WHAT TO WORK ON: As an exercise, transcribe the data below in full and exactly, omitting pictures.

COLLECTED DATA:
▽
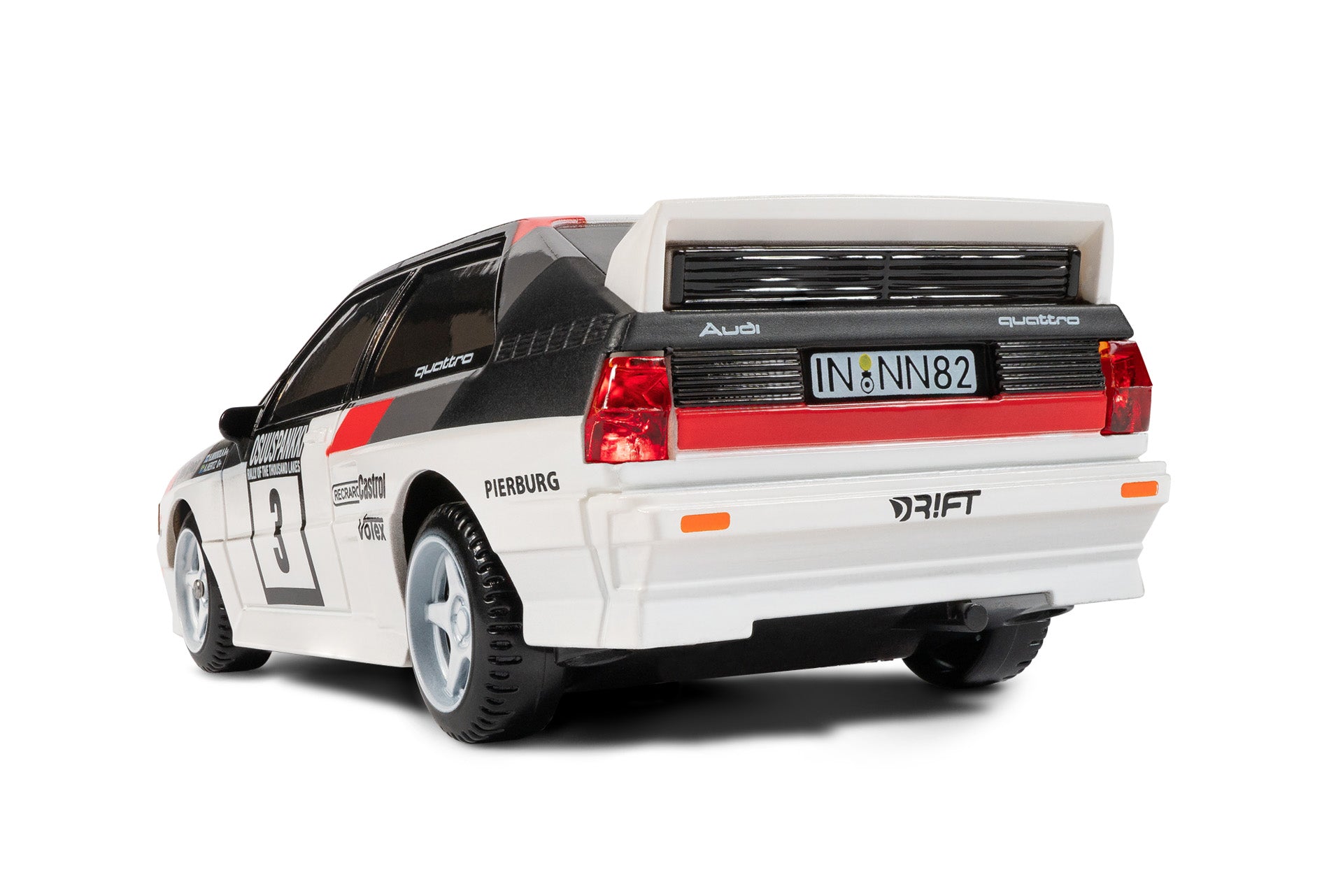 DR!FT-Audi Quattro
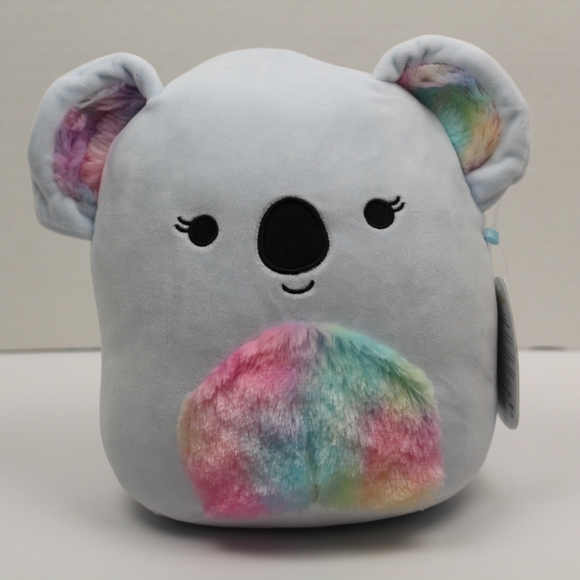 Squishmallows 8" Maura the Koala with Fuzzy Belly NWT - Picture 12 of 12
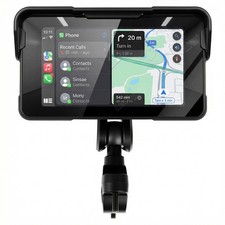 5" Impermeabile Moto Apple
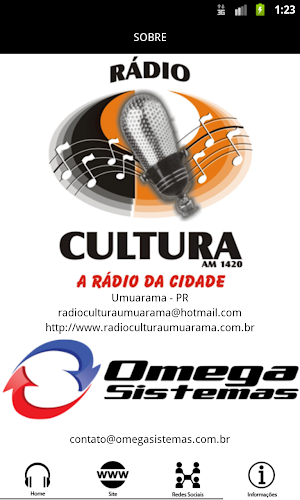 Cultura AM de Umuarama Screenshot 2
△
REPLY:
 DR!FT-Audi Quattro
 Squishmallows 8" Maura the Koala with Fuzzy Belly NWT - Picture 12 of 12
 5" Impermeabile Moto Apple
 Cultura AM de Umuarama Screenshot 2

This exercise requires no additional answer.